* _Exercise details_: Please keep the images out and set down the data exactly as given.

* _Dataset excerpt_:
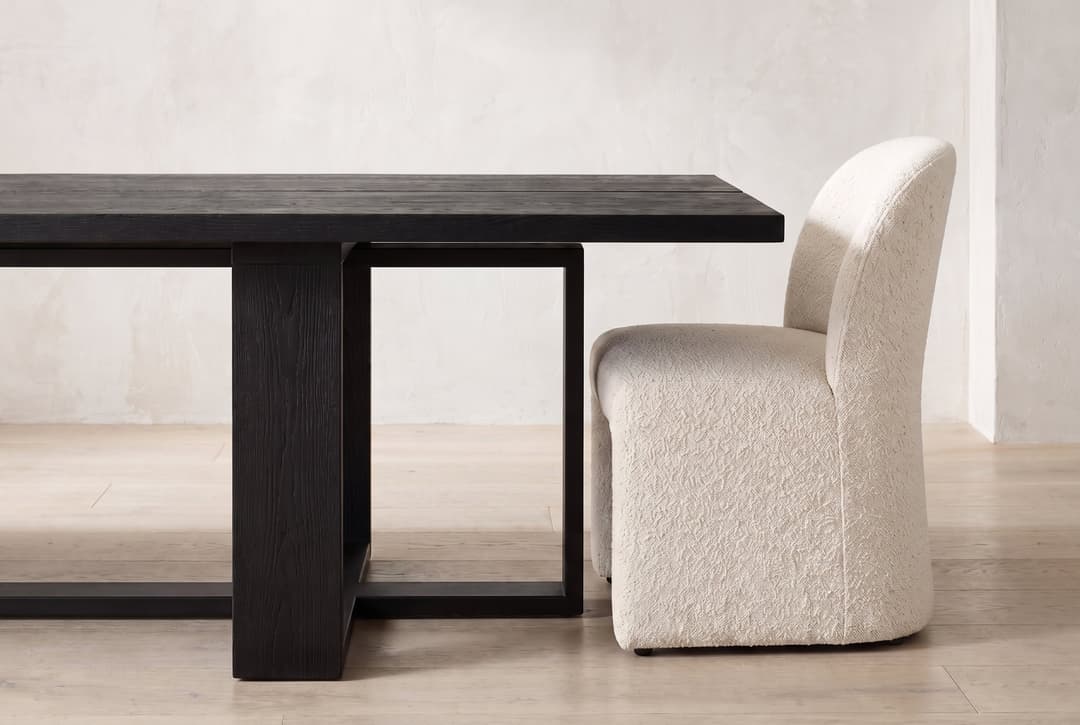 Tesseract Dining Table in black oak, a chair pulled up at the end, sliding under the overhang
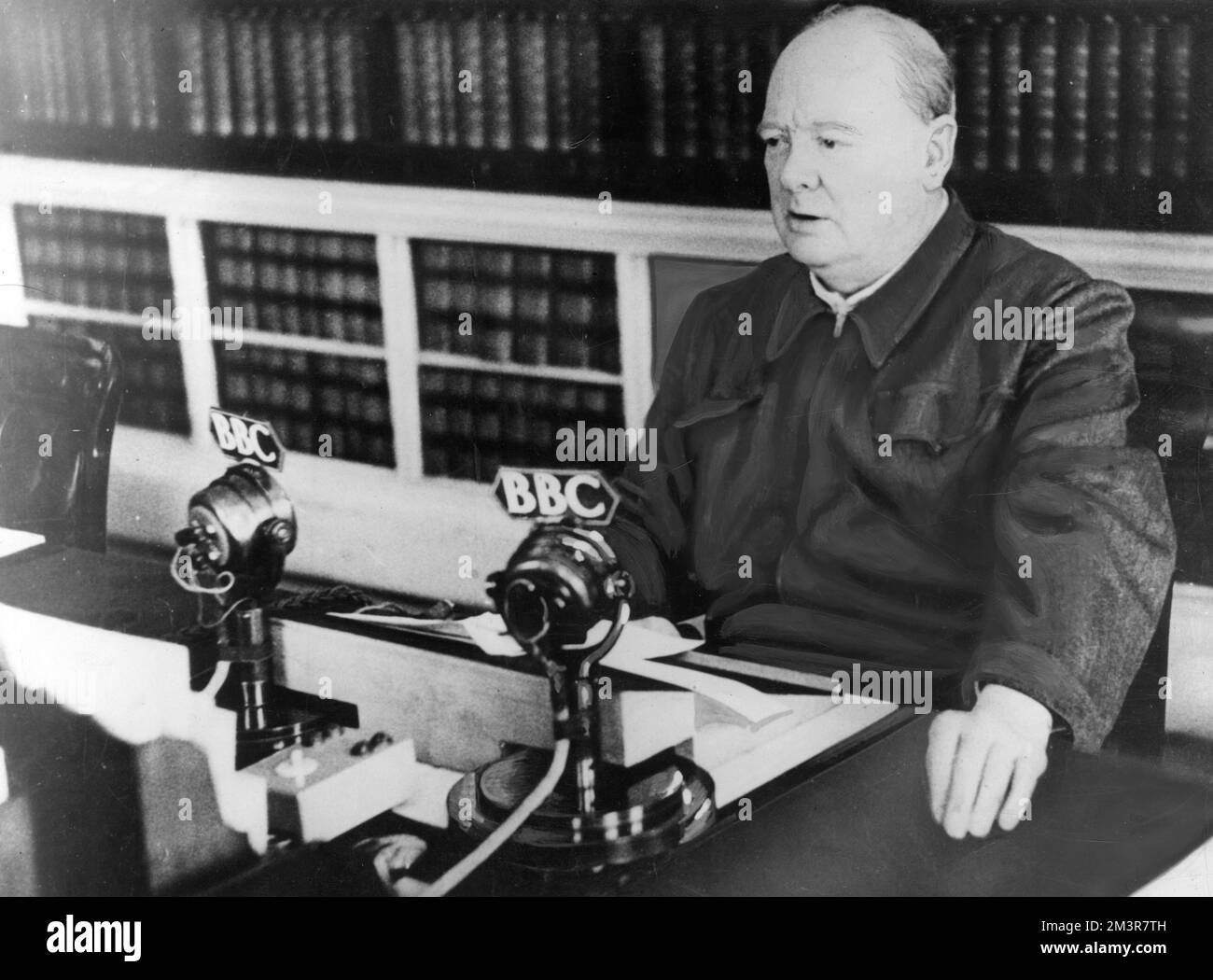Winston Churchill in a BBC radio broadcast in 1940. The back of the photograph states he is, &quot;the broadcaster whose voice inspired the civilised world. He is at the microphone before one of his war reviews relayed to the Empire and America.&quot;     Date: 1940 Stock Photo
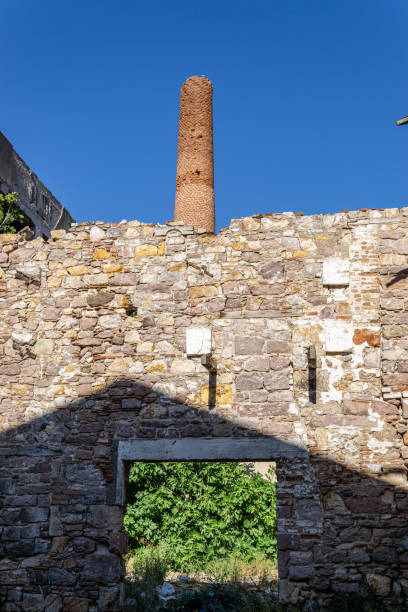 A shadowed wall and factory chimney
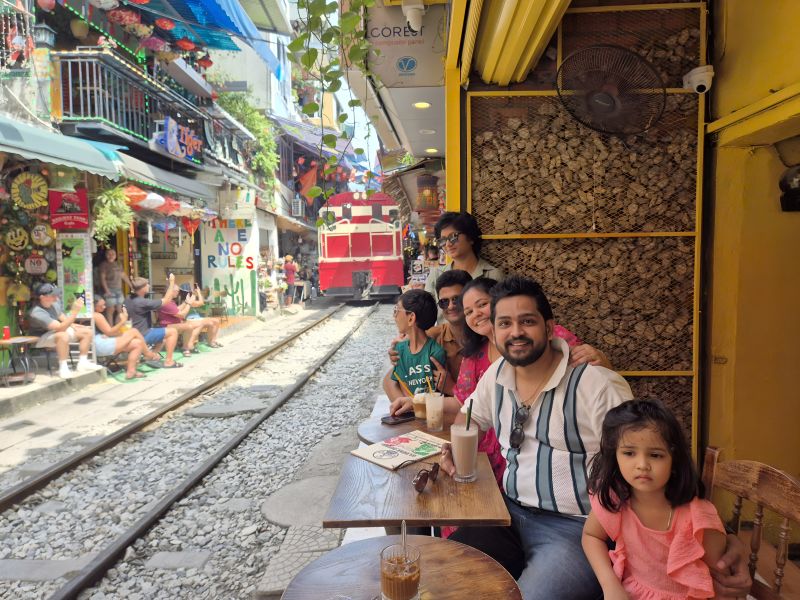 Indian family with children at Hanoi Train Street Phung Hung cafe with iced coffee and approaching train in background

* _Reply_:
 Tesseract Dining Table in black oak, a chair pulled up at the end, sliding under the overhang
Winston Churchill in a BBC radio broadcast in 1940. The back of the photograph states he is, &quot;the broadcaster whose voice inspired the civilised world. He is at the microphone before one of his war reviews relayed to the Empire and America.&quot;     Date: 1940 Stock Photo
 A shadowed wall and factory chimney
 Indian family with children at Hanoi Train Street Phung Hung cafe with iced coffee and approaching train in background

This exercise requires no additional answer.